Figure 5: Code for runTimeTrial.

This method takes two parameters: a control and an object that supports the Parser interface. It does the following:

1) Resets display items such as the execution time control and the status display label, which is used to provide messages during the tests.

2) Sets the options for the time trial, such as the number of times to execute the test(s).

3) Pre-loads the XML document if necessary. Pre-loading is necessary when the parsing itself is not included in the test.

4) Loops for the following:

Loads the XML document from either a file or string if the Parse XML File check box is checked.
Visits all child nodes in the document if the Visit all Nodes check box is checked.
Performs a selectNodes if the check box is checked.

5) Reports the total execution time.

To facilitate calculating the execution time in milliseconds, I created a simple StopWatch class. The source is shown in Figure 6. To use it, I create an instance of the class, call resetTimer before the test, and getAvgMillis at the end of the test.


      public class StopWatch
      {
        
      protected long m_MarkedMillis; 
      
         
        
      public StopWatch()
        { 
          resetTimer();
        } 
         
        
      public void resetTimer()
        { 
          m_MarkedMillis = 
      System.currentTimeMillis();
        } 
         
        
      public long 
      getElapsedMillis()
        { 
           long ElapsedMillis =
            System.currentTimeMillis() 
      - m_MarkedMillis; 
           return ElapsedMillis; 
        } 
         
        
      public long getAvgMillis(long divisor) 
        { 
           return (getElapsedMillis() / divisor); 
        } 
      }

Figure 6: The StopWatch class.

Now that we've reviewed the code that executes the trials, let's focus on the classes that represent each parser.

The ParserInterface Interface

Java interfaces are somewhat similar to abstract classes in Java. A key difference, however, is that you cannot specify method implementations or non-static data members in Java interfaces. Because I require no common base class members, I chose to use an interface rather than an abstract class. In general, I prefer using interfaces to abstract classes because interfaces allow you to treat different classes (that do not have a common base class) in the same manner.

The ParserInterface interface defines the methods that all implementing classes must specify:


      public interface ParserInterface
      {
        
      public void loadFromFileName(String 
      fileName) 
           throws Exception; 
        
      public void loadFromString(String 
      xmlString) 
           throws Exception; 
        
      public void visitAllNodes()throws Exception; 
        
      public int selectNodes(String 
      xslString) 
           throws Exception; 
      }

Each parser works slightly differently, as you'll see when we look at the code for each parser class. This interface allows them to all be treated in exactly the same way by talking to their ParserInterface.

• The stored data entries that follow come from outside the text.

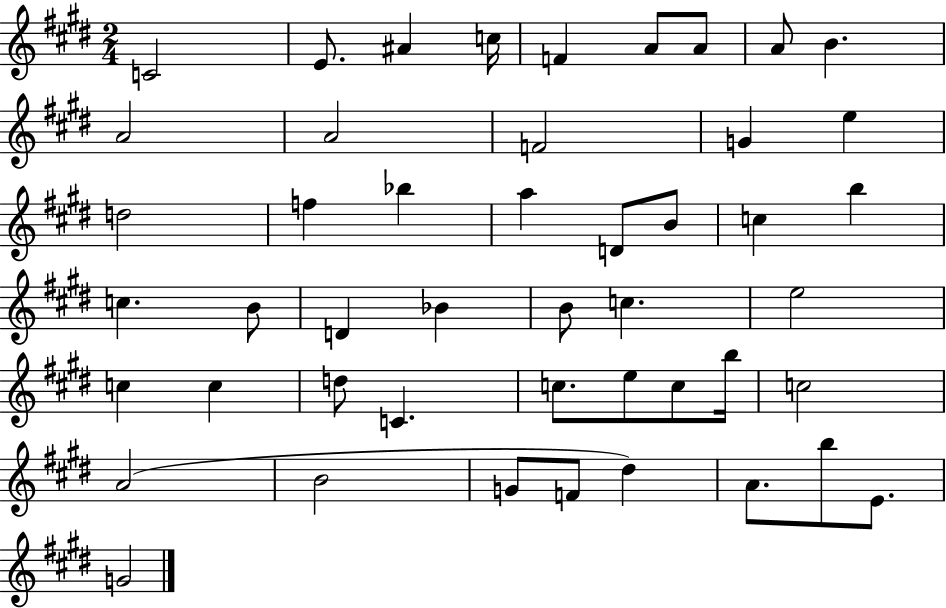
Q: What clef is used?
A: treble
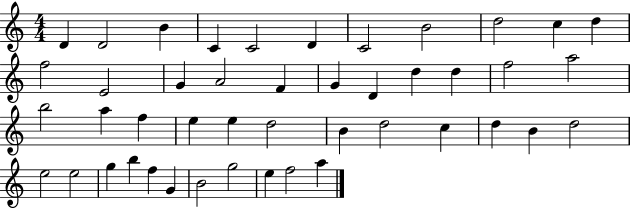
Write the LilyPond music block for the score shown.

{
  \clef treble
  \numericTimeSignature
  \time 4/4
  \key c \major
  d'4 d'2 b'4 | c'4 c'2 d'4 | c'2 b'2 | d''2 c''4 d''4 | \break f''2 e'2 | g'4 a'2 f'4 | g'4 d'4 d''4 d''4 | f''2 a''2 | \break b''2 a''4 f''4 | e''4 e''4 d''2 | b'4 d''2 c''4 | d''4 b'4 d''2 | \break e''2 e''2 | g''4 b''4 f''4 g'4 | b'2 g''2 | e''4 f''2 a''4 | \break \bar "|."
}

There are two methods used to load the XML document. LoadFromFileName loads from a fully qualified file name, and loadFromString loads from the supplied String parameter. The visitAllNodes method traverses to each node in the XML document. Finally, the selectNodes method performs a XQL query on the XML document, and returns the total number of nodes that were selected.

Now that we've defined an interface, let's create some classes that implement that interface.

VJ6 Parser

The source listing in Figure 7 shows the basic use of the parser that comes with the standard Microsoft VJ6 libraries. Notice that MSJavaParser implements ParserInterface, and all methods from this interface. If you don't implement all the methods, a compilation error will result.


      import 
      java.io.*; 
      import 
      com.ms.xml.om.*; 
        
      public class MSJavaParser implements ParserInterface
      {
        
      protected com.ms.xml.om.Document m_Doc =
           new com.ms.xml.om.Document();
        
        
      public void loadFromFileName(String 
      fileName) 
           throws Exception
        { 
          m_Doc.load("file:"+fileName); 
      
        } 
         
        
      public void loadFromString(String 
      xmlStr) 
           throws Exception
        { 
           // Note that getBytes() converts to the 
      platform's
          // default character encoding which 
      may not be
          // generally acceptable. 
      
          m_Doc.load(new BufferedInputStream(
             new 
      ByteArrayInputStream(xmlStr.getBytes())));
        } 
         
        
      public void visitAllNodes()throws Exception
        { 
          walkChildren(m_Doc.getRoot().getParent());
        } 
         
        
      public int selectNodes(String 
      xslString) throws Exception
        { 
           throw new 
      Exception("The J++ Parser does not " +
            "directly support a method 
      that implements XSL " +
            "(like 
      selectNodes())."); 
        } 
        
        
      protected void walkChildren(
          com.ms.xml.om.Element startNode) 
      
        {   
          com.ms.xml.om.Element e = null;
          com.ms.xml.om.ElementCollection ec 
      =
            startNode.getChildren();
           int numItems = ec.getLength();
           for (int i=0; 
      i<numItems; i++)
          { 
            e = 
      ec.getChild(i);   
             // Do something with e. 
            walkChildren(e);   
      // Recurse. 
          }     
        }   
      }

Figure 7: The basic use of the parser that comes with the Microsoft VJ6 libraries.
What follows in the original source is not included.